An exhibit attracting particular interest is the Saudi Arabian pavilion which features a hanging boat shaped like a half moon, complete with live date palms on the top deck. The United Nations Pavilion has seen the launch of a Chinese version of the environmental film “Home” by the French reporter, director and environmentalist Yann Arthus-Bertrand. The showings at Shanghai follow incarnations on DVD, Blu-ray, TV and YouTube. When it opened in 181 countries, the film broke the world record for the scale of a simultaneous release. The footage is composed almost entirely of aerial shots of our planet, showing both the fragility of its ecological balance and the diversity of life forms.

The surveillance project is the world’s largest provision of high-definition video, with footage being provided to police at a central monitoring facility. A specification of the client was that cameras should give users the ability to track and zoom in on individuals or vehicles so that facial details and license plates could be observed. In response, Hikvision has supplied HD cameras that met the project requirements, delivering video with resolution of up to 1600x1200 pixels in real time.

The project is offering authorities a flexible monitoring solution by combining PTZ cameras with fixed units. In critical environments with complex optical demands such as entrances, public squares and crossroads where there is extra scope for accidents, the PTZ cameras have been preferred and are allowing management to track and zoom in on targets to acquire facial and license plate data. By contrast, the fixed cameras provide video of simple traffic flow scenes and everyday pedestrian movement for retrospective playback and retrieval.

Confronted on the ground with the client’s demands for image clarity, Hikvision used an HD-SDI interface in preference to the regular CVBS approach, combined with optic fibre for minimal delay. Police and facility managers can therefore exercise PTZ control from the back end with nominal time lag, the delay being less than 250 milliseconds.

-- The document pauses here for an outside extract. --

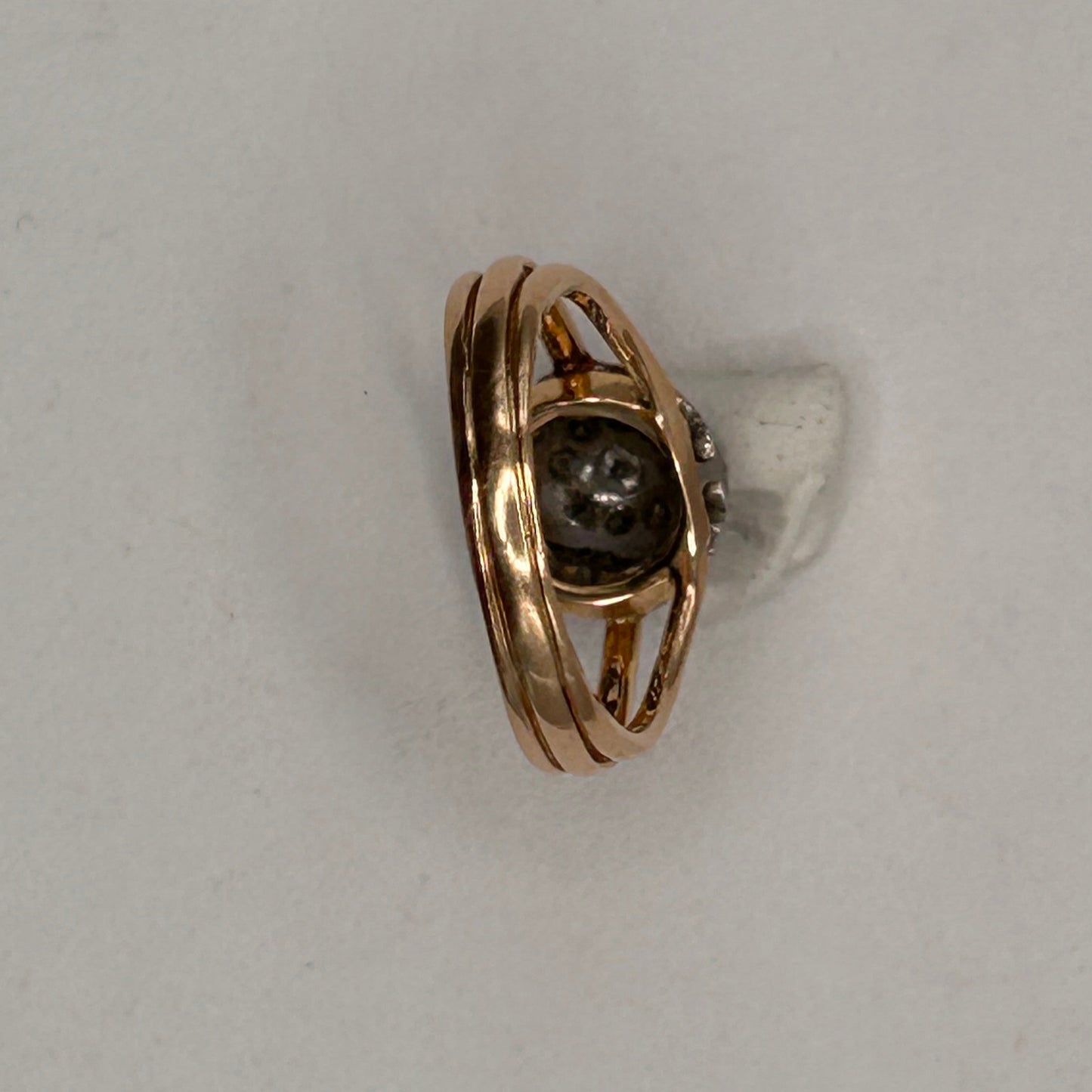 Bague ancienne en or jaune avec diamants 18K Taille-48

An underlying concept of the Expo is the ability of exhibiting nations to achieve better living conditions for their populations and more sustainable urban environments. Sub themes include the blending of diverse cultures, promotion of economic prosperity, scientific innovation and remodelling of city communities. The interaction between urban and rural areas is also discussed in many pavilions. Expo 2010 Shanghai China is the third largest even in the world in terms of economic and cultural impact, eclipsed only by the FIFA World Cup and the Olympic Games.

Mr Yangzhong Hu, President of Hikvision, said: "The theme of Expo 2010 Shanghai China is ‘Better city, better life.’ It is therefore fitting that the organisers have opted for a security product manufacturer who strives constantly for improvement.”

He continued: “The experience we drew on during this project, combined with R & D capability, allowed us to respond to a demanding brief. The installation demonstrates the lengths Hikvision will go to in order to address customers’ needs at infrastructure sites of this kind.”

In the past, major world trade expos have demonstrated inventions ranging from electric lighting to ice cream cones. The focuses of the Expo are diplomacy, commerce, technical innovation and cultural awareness, themes that have dominated trade fairs since London’s Great Exhibition of 1851. Above all, post-industrial nations are promoting their ecological credentials.